It’s been awhile.
I have a whole shpeal – is that how you spell it? Shpeal? You know what I mean, Dad. You’re a smart cookie. – about why I haven’t been around lately… I’m busy! The dogs! The (effing) cats! The HOUSE! The job.
But it doesn’t matter. Even if the excuses were good enough, it doesn’t matter.
Because today? Today is your day.
Today’s your birthday, Dad. And today, more than all the other days in the year (well, except maybe my birthday… and Christmas… and Thanksgiving… and that big football weekend when I lived in Pullman), you are on my mind and in my heart.

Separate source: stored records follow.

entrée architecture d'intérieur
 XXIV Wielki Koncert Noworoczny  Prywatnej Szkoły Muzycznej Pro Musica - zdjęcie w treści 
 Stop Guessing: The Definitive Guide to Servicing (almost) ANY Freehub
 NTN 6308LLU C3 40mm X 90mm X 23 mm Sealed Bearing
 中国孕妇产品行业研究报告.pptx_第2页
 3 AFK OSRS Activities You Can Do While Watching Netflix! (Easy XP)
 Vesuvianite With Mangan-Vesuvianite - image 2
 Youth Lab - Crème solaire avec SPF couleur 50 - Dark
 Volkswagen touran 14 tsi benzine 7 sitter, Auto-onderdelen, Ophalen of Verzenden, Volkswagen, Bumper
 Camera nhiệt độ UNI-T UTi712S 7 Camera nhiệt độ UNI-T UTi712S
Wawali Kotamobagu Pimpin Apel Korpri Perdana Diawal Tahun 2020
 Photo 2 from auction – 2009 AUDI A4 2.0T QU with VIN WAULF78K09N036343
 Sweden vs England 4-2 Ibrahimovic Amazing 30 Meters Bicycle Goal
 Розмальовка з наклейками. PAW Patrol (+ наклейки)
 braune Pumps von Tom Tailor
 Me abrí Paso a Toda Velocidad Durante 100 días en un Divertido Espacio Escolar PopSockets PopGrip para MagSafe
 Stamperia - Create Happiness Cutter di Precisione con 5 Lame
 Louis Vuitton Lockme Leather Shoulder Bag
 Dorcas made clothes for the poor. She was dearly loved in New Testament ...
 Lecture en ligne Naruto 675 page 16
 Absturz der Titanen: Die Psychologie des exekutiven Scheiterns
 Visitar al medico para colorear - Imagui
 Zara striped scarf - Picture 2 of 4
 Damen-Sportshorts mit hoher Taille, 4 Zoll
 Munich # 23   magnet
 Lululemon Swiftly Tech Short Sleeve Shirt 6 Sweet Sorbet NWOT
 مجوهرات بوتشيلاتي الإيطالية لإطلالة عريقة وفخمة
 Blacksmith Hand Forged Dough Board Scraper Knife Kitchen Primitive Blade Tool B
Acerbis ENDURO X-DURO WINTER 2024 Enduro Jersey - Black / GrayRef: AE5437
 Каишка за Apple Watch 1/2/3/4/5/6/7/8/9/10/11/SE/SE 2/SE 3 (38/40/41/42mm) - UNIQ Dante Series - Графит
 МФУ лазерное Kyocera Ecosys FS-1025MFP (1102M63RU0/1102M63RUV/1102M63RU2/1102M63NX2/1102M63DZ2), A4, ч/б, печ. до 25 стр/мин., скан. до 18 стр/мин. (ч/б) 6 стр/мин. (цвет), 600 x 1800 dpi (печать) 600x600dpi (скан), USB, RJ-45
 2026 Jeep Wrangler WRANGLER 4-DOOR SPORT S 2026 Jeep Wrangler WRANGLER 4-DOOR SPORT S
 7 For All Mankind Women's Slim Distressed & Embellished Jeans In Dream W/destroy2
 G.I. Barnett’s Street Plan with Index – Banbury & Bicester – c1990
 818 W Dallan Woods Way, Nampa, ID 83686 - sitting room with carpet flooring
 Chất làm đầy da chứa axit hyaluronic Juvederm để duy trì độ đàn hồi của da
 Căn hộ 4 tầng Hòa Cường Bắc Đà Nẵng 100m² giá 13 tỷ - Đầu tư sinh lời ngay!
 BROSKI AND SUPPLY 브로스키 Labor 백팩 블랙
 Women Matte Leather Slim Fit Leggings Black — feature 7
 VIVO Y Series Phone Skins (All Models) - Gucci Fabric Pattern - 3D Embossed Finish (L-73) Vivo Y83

Because Dad? I really miss you.
I remember your jokes and your stories. The way you’d build a fort with the boys and have rubber band wars. I remember an email you sent me, terrified your sister was going to kill you or the dog (or both) when she discovered her tomato plants were destroyed.
I remember a lot about you, Dad. I remember every day. But mostly, I remember your love. I remember how much you cared about me and how you told me that, every time I saw you or talked to you. I remember that I really never got to see you or talk to you enough, but I remember you always tried.
Sometimes I’m afraid I don’t remember enough about you, Dad$ I’m scared I’ll forget you, slowly, a little bit at a time, as the years pass by. But I refuse to sit back and just let that happen. No sir, not on my watch. Especially on days like today. Your day.
I should probably go now, Dad, before I start to REALLY cry, but I just wanted to say I love you, miss you, and think about you. Every. Day.
(And if you think I’m exaggerating, you should talk to The Boy about it. He’ll tell you.)